At the 2004 Olympic Games, she finished 5th in the demonstration sport of Women's 800m wheelchair. She also participated in the 2004 Summer Paralympics, where she won gold in the 800 m, bronze in the 5000 m, and another bronze in the marathon. She was also a member of the 2008 USA Paralympic team in Beijing. Blauwet was named a member of the 2002 USA Today All-USA Academic Team and has been nominated for the ESPY Award, the Laureus World Sports Award, and Women's Sports Foundation Athlete of the Year.

==Medical career==
Blauwet attended Stanford University School of Medicine, graduating in 2009. She completed an internship in internal medicine at Brigham and Women's Hospital in 2010 and a residency in PM&R in 2013 at Spaulding Rehabilitation Hospital/Harvard Medical School, where she served as Chief Resident. She completed a fellowship in sports medicine at the Rehabilitation Institute of Chicago in 2014. She is currently associate professor of PM&R at Harvard Medical School and an Attending Physician at Brigham and Women's Hospital and Spaulding Rehabilitation Hospital, where she specializes in sports medicine.

She has published numerous scientific papers focusing on sports medicine, adaptive sports and exercise, and women in medicine. She was the recipient of the Harold Amos Diversity Award from Harvard Medical School in 2016, which recognized her excellence in promoting research and clinical care for athletes with disabilities as well as promoting opportunities for faculty and trainees with disabilities. She was awarded an Honorary Doctor of Humane Letters degree from Emerson College during their 135th Commencement Ceremony in 2015 and was named by the Boston Chamber of Commerce as one of Boston's Ten Outstanding Young Leaders in 2016.

Blauwet has taken on many leadership and advocacy roles, focusing on promoting physical activity and a healthy lifestyle for individuals with disabilities.
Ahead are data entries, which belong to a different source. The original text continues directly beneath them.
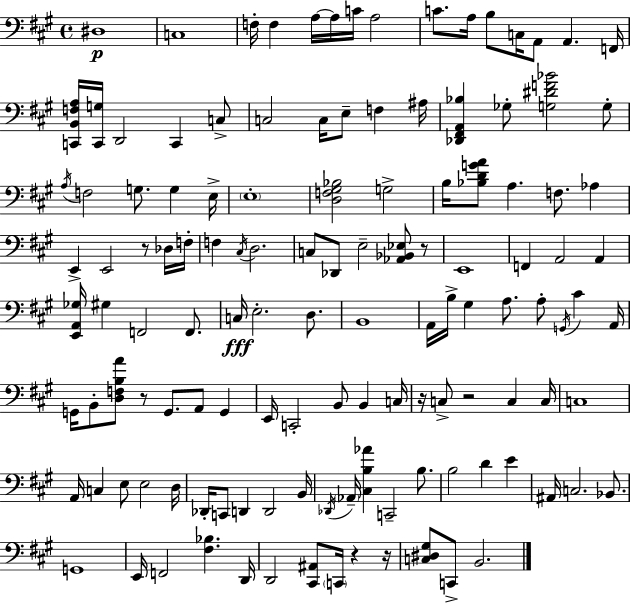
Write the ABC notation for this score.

X:1
T:Untitled
M:4/4
L:1/4
K:A
^D,4 C,4 F,/4 F, A,/4 A,/4 C/4 A,2 C/2 A,/4 B,/2 C,/4 A,,/2 A,, F,,/4 [C,,B,,F,A,]/4 [C,,G,]/4 D,,2 C,, C,/2 C,2 C,/4 E,/2 F, ^A,/4 [_D,,^F,,A,,_B,] _G,/2 [G,^DF_B]2 G,/2 A,/4 F,2 G,/2 G, E,/4 E,4 [D,F,^G,_B,]2 G,2 B,/4 [_B,DGA]/2 A, F,/2 _A, E,, E,,2 z/2 _D,/4 F,/4 F, ^C,/4 D,2 C,/2 _D,,/2 E,2 [_A,,_B,,_E,]/2 z/2 E,,4 F,, A,,2 A,, [E,,A,,_G,]/4 ^G, F,,2 F,,/2 C,/4 E,2 D,/2 B,,4 A,,/4 B,/4 ^G, A,/2 A,/2 G,,/4 ^C A,,/4 G,,/4 B,,/2 [D,F,B,A]/2 z/2 G,,/2 A,,/2 G,, E,,/4 C,,2 B,,/2 B,, C,/4 z/4 C,/2 z2 C, C,/4 C,4 A,,/4 C, E,/2 E,2 D,/4 _D,,/4 C,,/2 D,, D,,2 B,,/4 _D,,/4 _A,,/4 [^C,B,_A] C,,2 B,/2 B,2 D E ^A,,/4 C,2 _B,,/2 G,,4 E,,/4 F,,2 [^F,_B,] D,,/4 D,,2 [^C,,^A,,]/2 C,,/4 z z/4 [C,^D,^G,]/2 C,,/2 B,,2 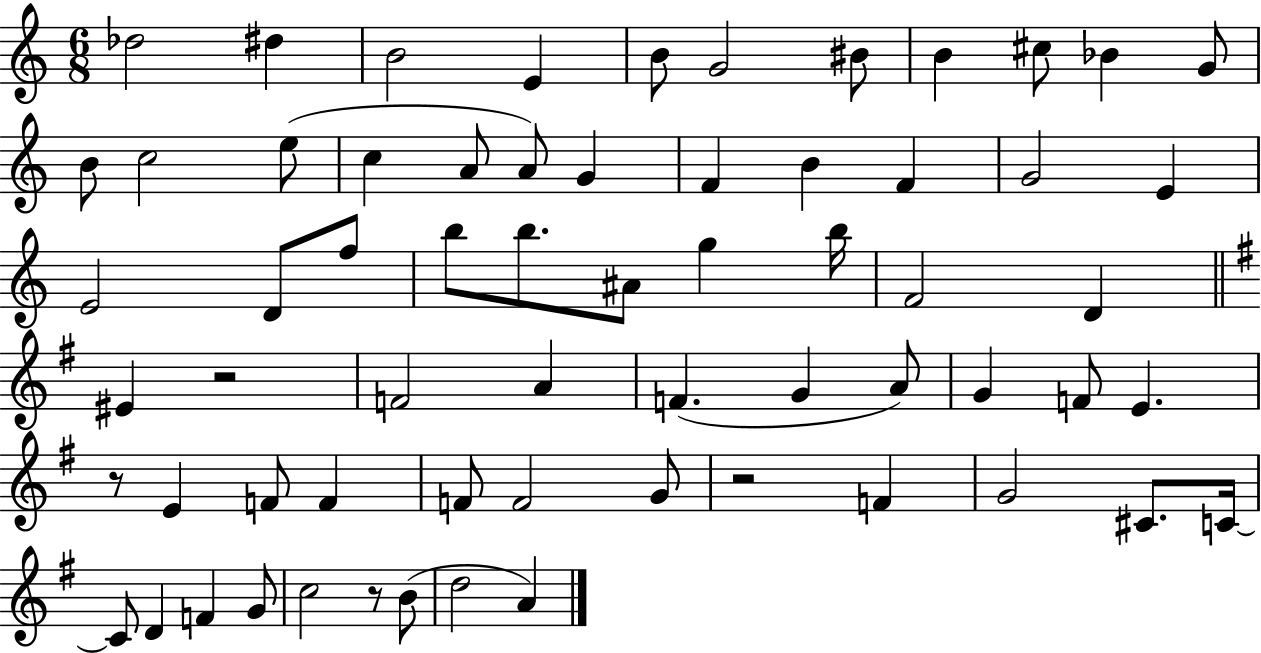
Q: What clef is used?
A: treble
She currently serves as Chairperson of the International Paralympic Committee's Medical Commission, is on the board of directors for the United States Olympic Committee as well as the International Olympic Committee Medical and Scientific Commission, and serves as the Disability Access and Awareness Director for Spaulding Rehabilitation Network. She previously served on the board of directors of the United States Anti-Doping Agency, the Neilsen Foundation Quality of Life Grant Review Board, and was a member of the Boston 2024 Olympic Bid Committee. She spoke on the floor of the United Nations in 2015 for the UN International Day of Sport for Development and Peace and was keynote speaker at the Boston celebration of the 25th Anniversary of the Americans with Disabilities Act. She traveled to Ethiopia and Angola in 2006 with the Vietnam Veterans of America Foundation Sports for Life program, where she helped to educate communities on the rights of individuals with disabilities as well as establish sustainable sports programs. She remains an advocate for individuals with disabilities through lectures, interviews and commercials. In 2025, she was named in Forbes' Accessibility 100 as a leader who has significantly impacted global accessibility. She was selected for using her platform and education to increase participation in physical activity for people suffering from disabilities.